It was a year or so after my brother and brother-in-law had died. I had stopped drinking and dealt with my health problems. I still had some time off work, so I decided to take a trip. I packed up my gear and left on a ten-week solo motorcycle odyssey through the eastern and southern United States, and down through Mexico and Central America — seven countries before returning home to Ontario. I could write a book about my experiences and perhaps I will someday.
For present purposes, what is important is that during those long hours of riding I did a major reassessment of my life. I didn’t do it intentionally, and wasn’t even conscious of it. But I was much better prepared for the massive changes of the ensuing years: the departure of my spouse, my kids growing up and leaving home, leaving my secure job and moving to Ottawa.
A few years later — new spouse, stepchildren, new career — life was good again. We took a three-week family vacation, leaving our work, house renovations and all the normal hustle and bustle behind. We didn’t even think about that stuff while we were away, and we had a great family time.

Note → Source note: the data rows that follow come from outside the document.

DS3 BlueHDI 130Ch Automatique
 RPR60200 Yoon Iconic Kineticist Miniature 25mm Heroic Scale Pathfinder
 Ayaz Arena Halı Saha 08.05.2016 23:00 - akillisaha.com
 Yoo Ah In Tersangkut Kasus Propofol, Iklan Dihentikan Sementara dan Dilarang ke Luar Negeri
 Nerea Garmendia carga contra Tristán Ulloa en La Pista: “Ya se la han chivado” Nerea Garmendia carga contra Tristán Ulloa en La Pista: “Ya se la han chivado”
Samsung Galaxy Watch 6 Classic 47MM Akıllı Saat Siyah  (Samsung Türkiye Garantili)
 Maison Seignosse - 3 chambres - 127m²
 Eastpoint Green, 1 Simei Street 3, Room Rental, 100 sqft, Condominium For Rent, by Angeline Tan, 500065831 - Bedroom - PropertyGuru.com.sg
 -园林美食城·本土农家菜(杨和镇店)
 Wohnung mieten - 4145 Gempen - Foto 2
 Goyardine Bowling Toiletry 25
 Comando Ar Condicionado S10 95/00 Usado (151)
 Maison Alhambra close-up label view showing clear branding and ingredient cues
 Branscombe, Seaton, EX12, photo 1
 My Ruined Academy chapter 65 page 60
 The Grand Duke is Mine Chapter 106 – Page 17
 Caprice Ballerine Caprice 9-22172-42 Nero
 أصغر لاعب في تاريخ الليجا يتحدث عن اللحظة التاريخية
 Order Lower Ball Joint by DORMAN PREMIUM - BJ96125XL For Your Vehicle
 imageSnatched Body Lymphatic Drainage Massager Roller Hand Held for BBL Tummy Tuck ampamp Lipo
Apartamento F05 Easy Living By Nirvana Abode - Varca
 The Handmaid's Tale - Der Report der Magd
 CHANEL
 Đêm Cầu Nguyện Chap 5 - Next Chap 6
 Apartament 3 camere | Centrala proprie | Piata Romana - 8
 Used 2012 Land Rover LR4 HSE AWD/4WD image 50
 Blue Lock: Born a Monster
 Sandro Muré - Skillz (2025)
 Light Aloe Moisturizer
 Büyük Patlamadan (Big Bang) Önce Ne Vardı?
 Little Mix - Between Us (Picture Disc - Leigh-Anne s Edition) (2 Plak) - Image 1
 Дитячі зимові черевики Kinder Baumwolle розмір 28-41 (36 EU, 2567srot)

But the day I started back to work I knew instantly that I would be leaving my job. Three months later I was in a new job. Within the year, my wife too had left her job and was back at University. Eight months later we moved again, and I started a new business in Toronto.
Six years later I took a nine-day solo vacation. I had no idea what was going to happen, but I knew something was afoot. This time, it was a spiritual transformation.
Others have shared similar stories of unexpected change and transformation during or following a vacation.
What do these various vacations have in common? They share several characteristics we can learn from.
1. Each vacation was undertaken with an intention to get away from the day-to-day and just enjoy ourselves. We had no plan to ponder problems, plan future work or rehash issues.
2. The vacations were made up of present-time activities. I was there, present with the road, not mentally back at work. Or we were having family fun, without thinking about the future or the past.
3. The vacations were entered with no intended outcome beyond getting away and doing something enjoyable and fun. There was no intention, for example, to come up with a five-year plan or to heal old wounds.
So why did vacations with no intended outcome, no discussion of change, and generally no analytical thought, lead to such profound change?
The answer is in the question. Profound changes occurred precisely because there was no thought, discussion or intention other than being present and enjoying the vacation.
At your core you know what you need for you. Underneath all the hustle and bustle, you know what you need as a couple. The paradox is that you cannot get your answers by pursuing them. Life changes are not a matter of analysis. They are of a deeper, more spiritual nature.
You cannot force answers to those deeper questions about life. You can only allow them to come. But the vacation as I’ve described it — present time fun, no analysis, and no intended outcome — is the perfect venue for letting answers to life’s big questions emerge on their own time.
And that is why vacations can be so rejuvenating.